Not What It Seems

I think I’ve said before that I consider myself perceptive. I like to think I have people’s number at first sight, and after I internally sum someone up I confidently tell The Rock what “I know” about the person. “Oh, they’re bluffing,” I often say about buffons, for instance. “All bark and no bite. Very insecure on the inside, but trying to overcompensate with faux confidence.” Or, “She just needs someone to talk to,” I say about the friend who never asks how I’m doing. “She cares about me, she’s just going through a hard time.”


I probably don’t need to tell you I’m often wrong. As I move along this life, I realize I don’t know jack about much. My judgments and summing ups are flights of fancy and more projections or excuses than anything else. I’ve gotta say there’s some comfort in that. It means that maybe I don’t know everything, that I don’t have people all figured out, so there’s room for the unexpected.


But sometimes I am very let down by the gap between who I thought a person was and who they turn out to be.


Or worse that they are exactly who they told me they were and I made up my own story anyway.


17 thoughts on “Not What It Seems”

  1. If you saw the best in someone and applied that goodness liberally, only to be disappointed later, that’s a good thing. A really good thing. I think. I think you do that, see the best in someone and go with it. I think you do that because you are full of love.

  2. Who disappointed you? Who? I will gather a posse and kick their ass. Was it the crazy buffalo bill guy in the Starbucks? Probably not, but sometimes when you are an open, loving soul (like you are) you think the best, let people in, try not to be too judgmental, and they end up hurting, scaring or disappointing you…. just because dysfunction is easier to spot in some people than others. I guess.

  3. I’m with Trish. I’m ready to kick some ass.

    I’m also with Cheri. There’s nothing wrong with believing people are inherently good.

    At the same time, might I offer you a hug?

  4. Whomever it was, screw ’em. You don’t need ’em. Srsly.

    At any rate, I think it’s probably better to err on the side of believing there is good in people. Otherwise, you go through life waiting for the other shoe to drop. Or so I’ve heard.
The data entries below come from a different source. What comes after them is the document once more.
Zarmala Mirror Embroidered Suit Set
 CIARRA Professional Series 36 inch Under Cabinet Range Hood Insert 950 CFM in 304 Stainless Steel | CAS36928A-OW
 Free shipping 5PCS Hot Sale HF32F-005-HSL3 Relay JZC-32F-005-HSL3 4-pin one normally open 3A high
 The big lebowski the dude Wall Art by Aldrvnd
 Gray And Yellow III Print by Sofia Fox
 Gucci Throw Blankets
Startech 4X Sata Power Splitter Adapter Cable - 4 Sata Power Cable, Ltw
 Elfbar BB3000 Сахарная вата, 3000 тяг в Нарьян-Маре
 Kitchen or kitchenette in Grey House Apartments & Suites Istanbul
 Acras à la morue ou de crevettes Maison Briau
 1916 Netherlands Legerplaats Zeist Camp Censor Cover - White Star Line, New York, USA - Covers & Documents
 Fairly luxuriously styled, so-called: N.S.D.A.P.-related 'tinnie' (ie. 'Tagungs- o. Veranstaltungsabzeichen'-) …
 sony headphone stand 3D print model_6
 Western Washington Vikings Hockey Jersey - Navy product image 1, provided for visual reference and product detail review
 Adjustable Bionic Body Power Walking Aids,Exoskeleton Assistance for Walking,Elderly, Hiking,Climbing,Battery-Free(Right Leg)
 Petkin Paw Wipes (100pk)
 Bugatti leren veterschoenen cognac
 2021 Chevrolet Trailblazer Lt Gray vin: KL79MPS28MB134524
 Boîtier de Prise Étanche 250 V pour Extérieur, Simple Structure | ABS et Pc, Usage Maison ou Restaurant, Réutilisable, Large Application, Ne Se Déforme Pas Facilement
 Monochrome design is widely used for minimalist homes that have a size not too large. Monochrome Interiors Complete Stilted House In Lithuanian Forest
  5. I do that, too. I have a (bad) habit of always giving people the benefit of the doubt. Problem is, if I believe my own self, I am just being naive.

    Princess Gail is ALL the opposite. She is a complete and utter realist. I am fascinated by that crazy part of her, because she makes me realize how rare a quality that really is. I think most of us do what you wrote about. That’s not so good, is it?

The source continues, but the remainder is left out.